On Mon, Apr 29, 2019 at 4:13 AM Wu Hao <hao.wu@intel.com> wrote:

+ hwmon folks

>
> This patch adds support for power management private feature under
> FPGA Management Engine (FME). This private feature driver registers
> a hwmon for power (power1_input), thresholds information, e.g.
> (power1_cap / crit) and also read-only sysfs interfaces for other
> power management information. For configuration, user could write
> threshold values via above power1_cap / crit sysfs interface
> under hwmon too.
>
> Signed-off-by: Luwei Kang <luwei.kang@intel.com>
> Signed-off-by: Xu Yilun <yilun.xu@intel.com>
> Signed-off-by: Wu Hao <hao.wu@intel.com>
> ---
> v2: create a dfl_fme_power hwmon to expose power sysfs interfaces.

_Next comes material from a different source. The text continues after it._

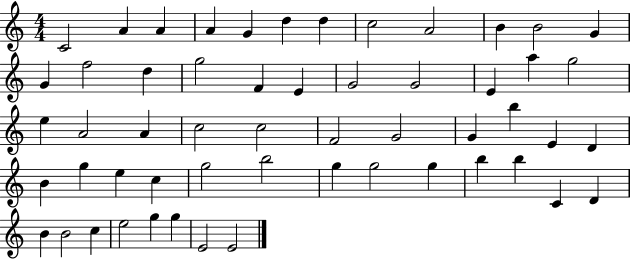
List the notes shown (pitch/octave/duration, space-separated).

C4/h A4/q A4/q A4/q G4/q D5/q D5/q C5/h A4/h B4/q B4/h G4/q G4/q F5/h D5/q G5/h F4/q E4/q G4/h G4/h E4/q A5/q G5/h E5/q A4/h A4/q C5/h C5/h F4/h G4/h G4/q B5/q E4/q D4/q B4/q G5/q E5/q C5/q G5/h B5/h G5/q G5/h G5/q B5/q B5/q C4/q D4/q B4/q B4/h C5/q E5/h G5/q G5/q E4/h E4/h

>     move all sysfs interfaces under hwmon
>         consumed          --> hwmon power1_input
>         threshold1        --> hwmon power1_cap
>         threshold2        --> hwmon power1_crit
>         threshold1_status --> hwmon power1_cap_status
>         threshold2_status --> hwmon power1_crit_status
>         xeon_limit        --> hwmon power1_xeon_limit
>         fpga_limit        --> hwmon power1_fpga_limit
>         ltr               --> hwmon power1_ltr
> ---
>  Documentation/ABI/testing/sysfs-platform-dfl-fme |  67 ++++++
>  drivers/fpga/dfl-fme-main.c                      | 247 +++++++++++++++++++++++
>  2 files changed, 314 insertions(+)
>
> diff --git a/Documentation/ABI/testing/sysfs-platform-dfl-fme b/Documentation/ABI/testing/sysfs-platform-dfl-fme
> index dfbd315..e2ba92d 100644
> --- a/Documentation/ABI/testing/sysfs-platform-dfl-fme
> +++ b/Documentation/ABI/testing/sysfs-platform-dfl-fme
> @@ -52,6 +52,7 @@ Contact:      Wu Hao <hao.wu@intel.com>
>  Description:   Read-Only. Read this file to get the name of hwmon device, it
>                 supports values:
>                     'dfl_fme_thermal' - thermal hwmon device name
> +                   'dfl_fme_power'   - power hwmon device name
>
>  What:          /sys/bus/platform/devices/dfl-fme.0/hwmon/hwmonX/temp1_input
>  Date:          April 2019
> @@ -108,3 +109,69 @@ Description:       Read-Only. Read this file to get the policy of hardware threshold1
>                 (see 'temp1_alarm'). It only supports two values (policies):
>                     0 - AP2 state (90% throttling)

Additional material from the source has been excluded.